──────── Data in this exercise ────────

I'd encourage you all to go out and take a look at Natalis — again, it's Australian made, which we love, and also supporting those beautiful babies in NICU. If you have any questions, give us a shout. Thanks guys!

────────
──────── Data in this exercise ────────

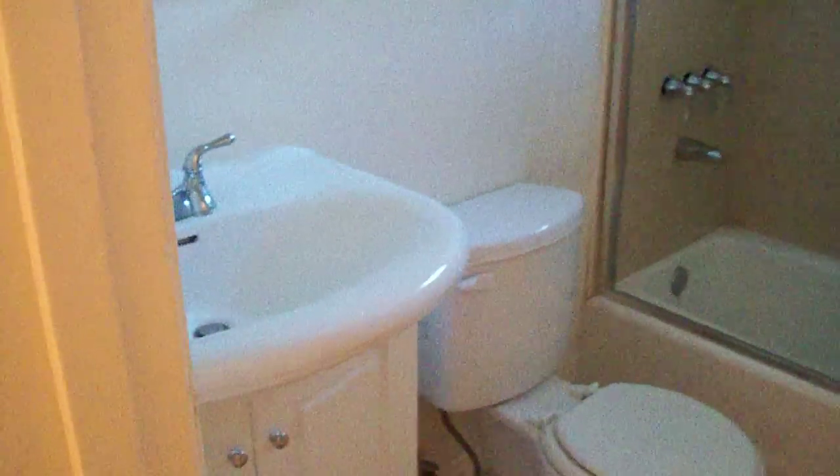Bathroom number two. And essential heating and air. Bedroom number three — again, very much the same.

────────
──────── Data in this exercise ────────

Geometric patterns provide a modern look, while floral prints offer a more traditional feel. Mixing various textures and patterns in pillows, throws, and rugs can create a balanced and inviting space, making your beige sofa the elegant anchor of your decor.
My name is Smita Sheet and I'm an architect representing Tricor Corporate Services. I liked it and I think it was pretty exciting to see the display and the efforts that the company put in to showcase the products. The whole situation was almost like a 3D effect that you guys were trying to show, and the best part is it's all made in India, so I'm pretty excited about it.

────────

**Task**
Would you show every line in the data above that contains the string "look"?

**Worked solution**
I'd encourage you all to go out and take a look at Natalis — again, it's Australian made, which we love, and also supporting those beautiful babies in NICU. If you have any questions, give us a shout. Thanks guys!
Geometric patterns provide a modern look, while floral prints offer a more traditional feel. Mixing various textures and patterns in pillows, throws, and rugs can create a balanced and inviting space, making your beige sofa the elegant anchor of your decor.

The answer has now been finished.